I'm sure it's popularity stems from its being a universally recognized acronym.


----------



## gothdj (Dec 25, 2011)

yeah, I know, it is easy, and, i suppose something of a Halloween institution. But.. when I see great videos, lots of great props, then a cemetery full of stones all saying RIP, i just roll my eyes and think to myself, 'really dropped the ball there'. I get if you just have a modist haunt, a few store bought stones and all, you'll have RIP on most of them. but, if you are gonna go through the bother of making your own stone... well, then make it truly unique. At least make it for Rip Torne, or RIP Van Winkle , or something like that....


----------



## Bone Dancer (Oct 7, 2005)

To each his own I guess.
I leave mine blank because I like the look of the shapes. Maybe a vine or two or a simular decoration, but thats it. I never cared for some of the sillier sayings but thats just me. I also feel a bit odd about putting real names on them for some reason, not sure why. Didn't want to curse the living or incur the raith of the dead. (although being a haunter I could see that being a good thing). But in the end, they are your tombstones in your graveyard.


----------



## Haunted Spider (Sep 6, 2010)

scrape off the RIP and put your neighbors last names on instead. Then let the good times roll  ( I have 10 neighbors memorialized so far)


----------



## gothdj (Dec 25, 2011)

Agreed, it really is a matter of preference in the end, of course. I have started to use characters from the writtings of HP LOvecraft.


----------



## Frighteners Entertainment (Jan 24, 2006)
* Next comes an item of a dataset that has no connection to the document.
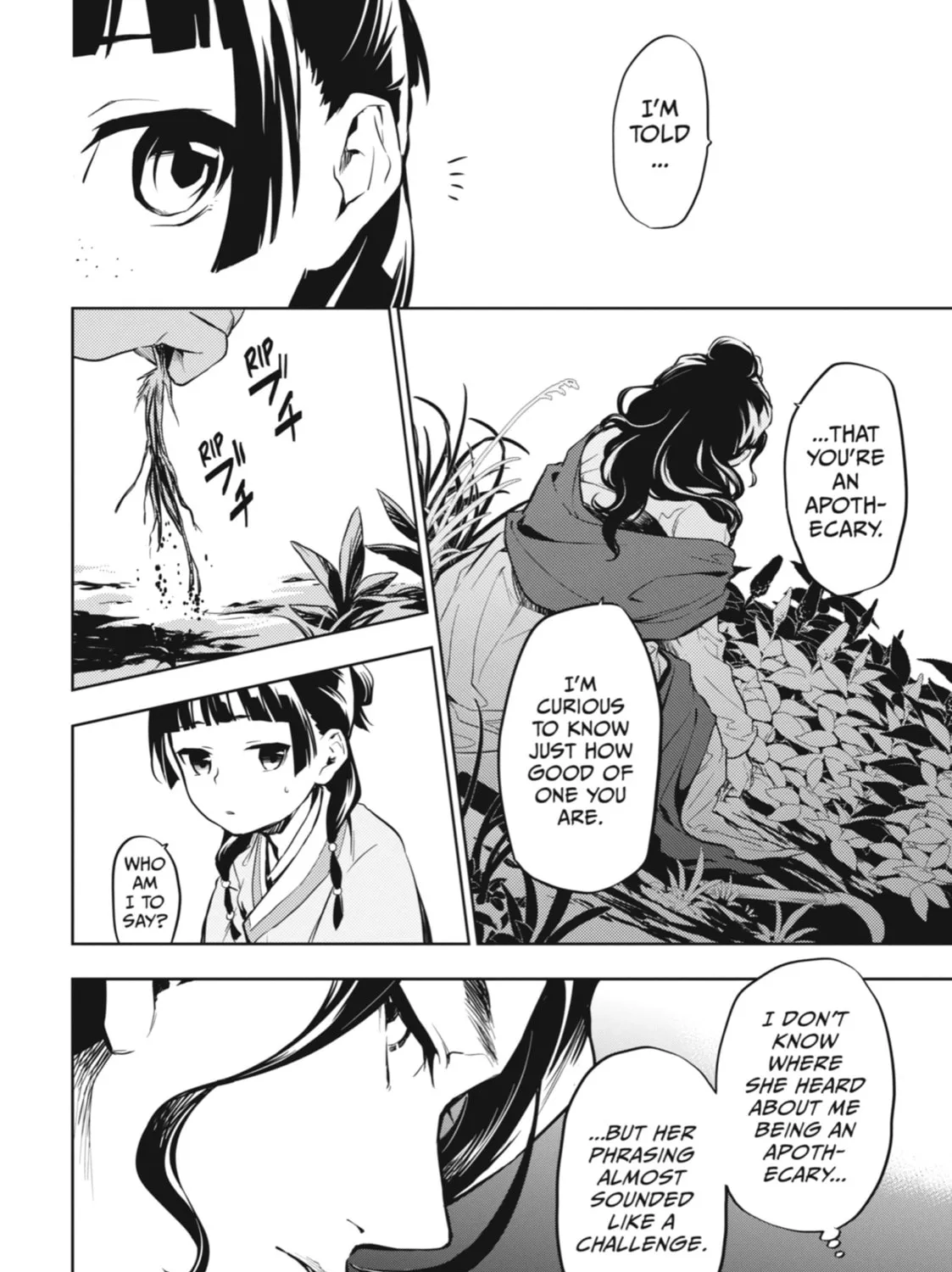 The Apothecary Diaries β Chapter 30 β Page 51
The unfortunate thing is when you cast judgement, you get it back 10 fold.

Not everything we do in life will or should be appreciated by everyone. We are unique.
When you think you are better, you are less.

To each our own.


----------



## austenandrews (Aug 22, 2010)

For sure there are icons that have a vanishing connection to reality, especially in holiday decorations. There's no shame in following tradition for its own sake. 

(That said, I do try to steer away from old standards in my bigger pieces.)


----------



## gothdj (Dec 25, 2011)

Again, as I said, ultimately, to each their own, and I was not suggesting, F E , that I was in anyway superior to anyone else, no was it a specific judgement, it is, rather, an opinion, which, if I recall, is ok to have. It was, and still is, meant as something of a humours observation. If you did not see the humour in it, then I am sorry.


----------



## gothdj (Dec 25, 2011)

And, i like the idea ofheadstone of:
R.I.P.
RIP


----------



## remylass (Sep 18, 2008)

I don't mind a few RIP stones. However, I agree it is over-used.


----------



## gothdj (Dec 25, 2011)

I am sorry, I hope I am not going on too much about this. Perhaps it is somethng that is just 'expected' like a skeleton in the graveyard, of which I have many. That is too is, when I think about it, kind of silly, as, last time i checked my local graveyard, I did not see any skeletons either. So, it is a tradition for some, I suppose. And, like I said in my initial rant, I can still like and appriciate the effort in props and scenery of anyone's haunt. Anything more than just a pumpkin in a yard just makes me smile in October.


----------



## RoxyBlue (Oct 6, 2008)

Add some smiley faces to your first post, goth. That way no one will mistake your humor

I think I used RIP on one or more of our very first, last minute, drawn by hand on cardboard tombstones. They have long since been put to rest. RIP, crappy last minute tombstones of mine. Oh wait, I did it again......


----------



## Halloween_Anna (Dec 13, 2011)

Spiderclimber said:


> scrape off the RIP and put your neighbors last names on instead. Then let the good times roll  ( I have 10 neighbors memorialized so far)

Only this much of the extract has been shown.